Can we please stop with the Biblical references already? We have multiple universe theory and string theory and are capable of much more sophisticated ways of thinking about reality. Going back thousands of years, over and over again doesn't seem to be getting us anywhere.
Sorry, but telling us about being nonviolent---What is new here? This offers no new insight.
One can only hope that every religion's holidays might spawn the celebration of such thoughtful exploration and revelation... as well as the human capability to engage in such rational and enlightened inner discourse and outer dialogue.
Thank you Mr. Chermus, you done good. I leave your piece educated and spiritually lifted.

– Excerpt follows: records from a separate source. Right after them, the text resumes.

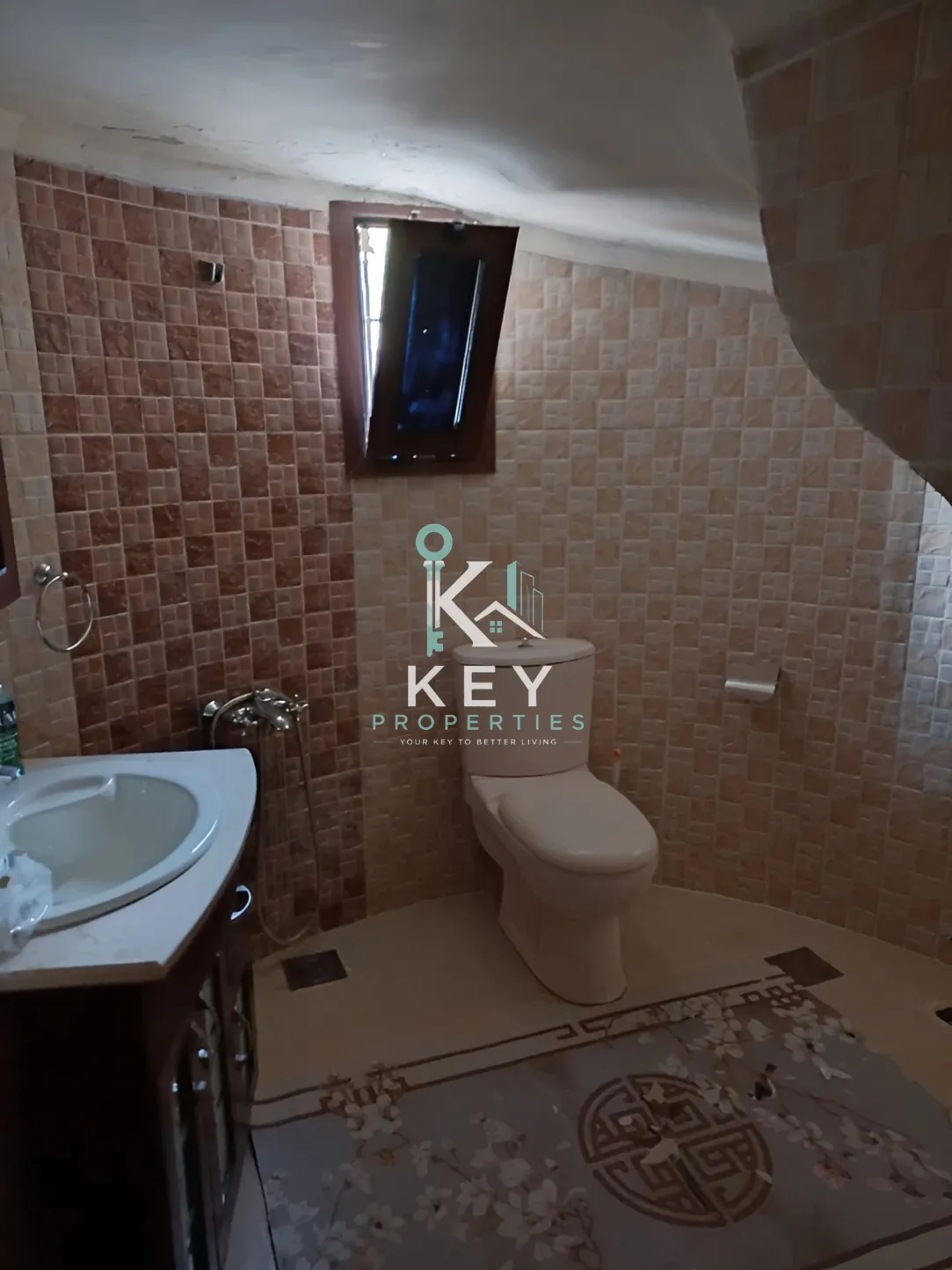 Villa for sale in Yanouh, Lebanon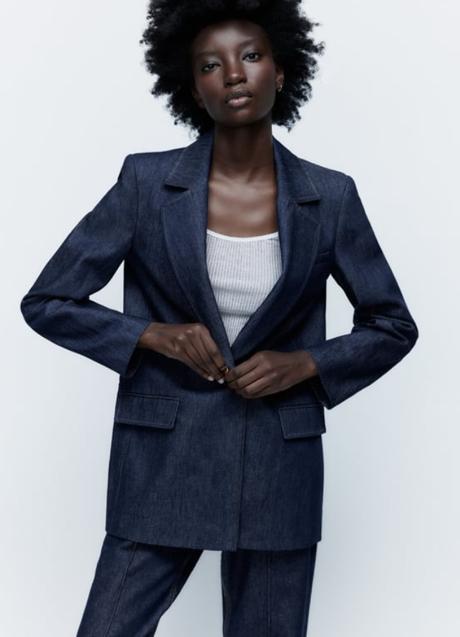 Imagen - Blazer vaquera de Zara, por 49,95 euros.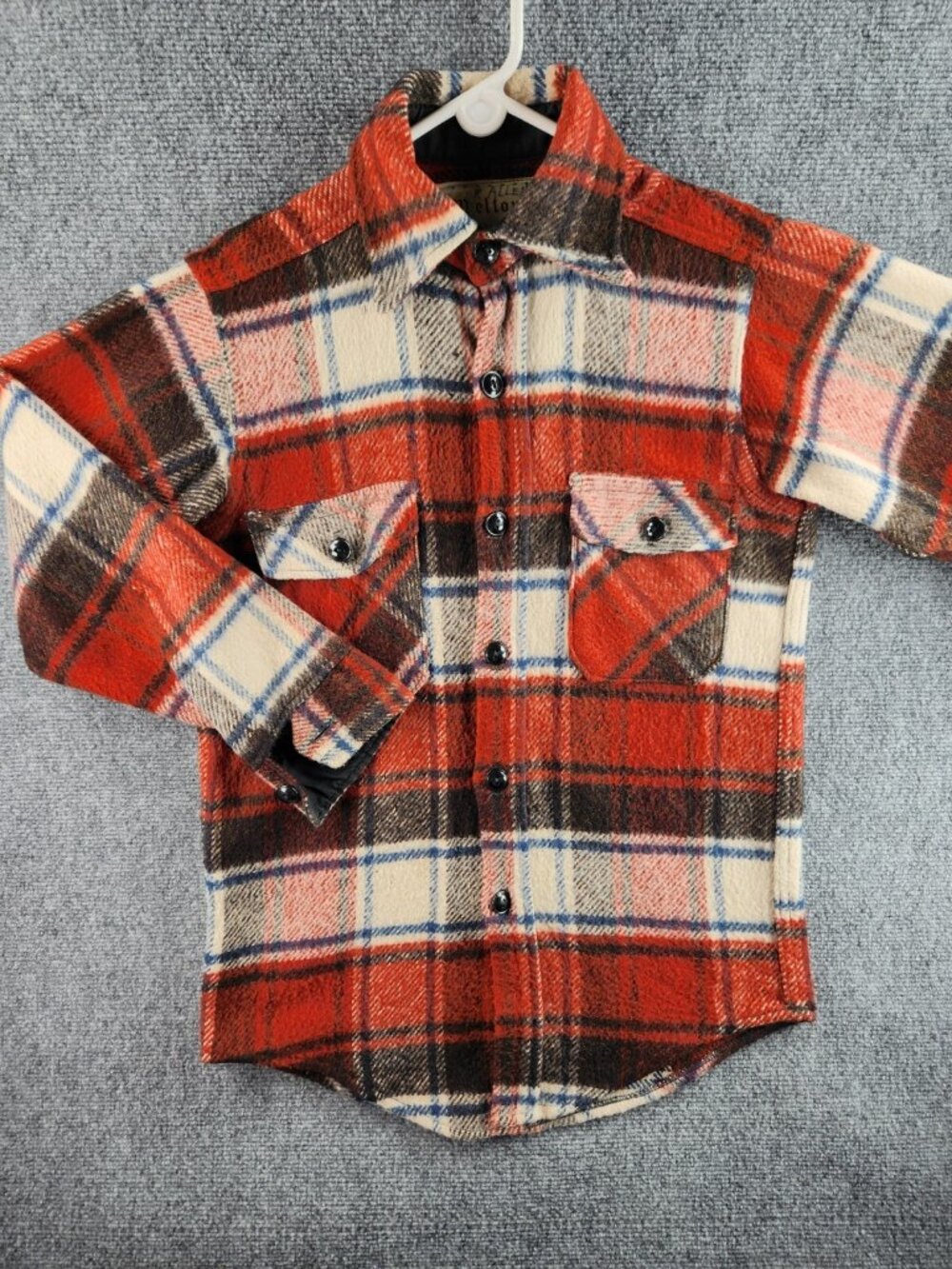 VTG Melton Outerwear Shacket S Long Sleeve Fuzzy Plaid Button Up Red Multicolor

From my rather limited understanding of Talmud and other great traditions of Judaic thought, a gift like that is one of the greatest gifts.
It seems to me each religion has such a strain, and in these strains lie a transcendental unity: should all of us, believers and non-believers, atheist, agnostic and reverent practitioners, take these traditions to heart we would work at least as hard at refusing to doom others of our kind, and the earth itself, to poverty and great collective long-lasting grief through our acts of war as we do at violently proving our shallow idea of superiority.
bobv:I shall post a comment to you, despite some of the guys who will start with the "how can you be an atheist Jew?". I want to say one of my favorite things about being a Jew (and I'm older,woman) is: the old Jewish joke --- if you put 3 Jews together for a discussion, you will get at least 5 points of view. So it is with this article, and the different interpretations of Chanukah. (old spelling in English). When I grew up in an Orthodox Jewish family mostly from Warsaw, pre-WWI(not Chassid) in Brooklyn (one grandmother had an early-American WASP father), we hardly celebrated Chanukah:just lit candles, maybe played with the dreydle (top),a little chocolate, no gifts, lots of food (that's Jewish too, and Italian...I grew up in a neighborhoo half Jews and half Italian Catholics)...Working class.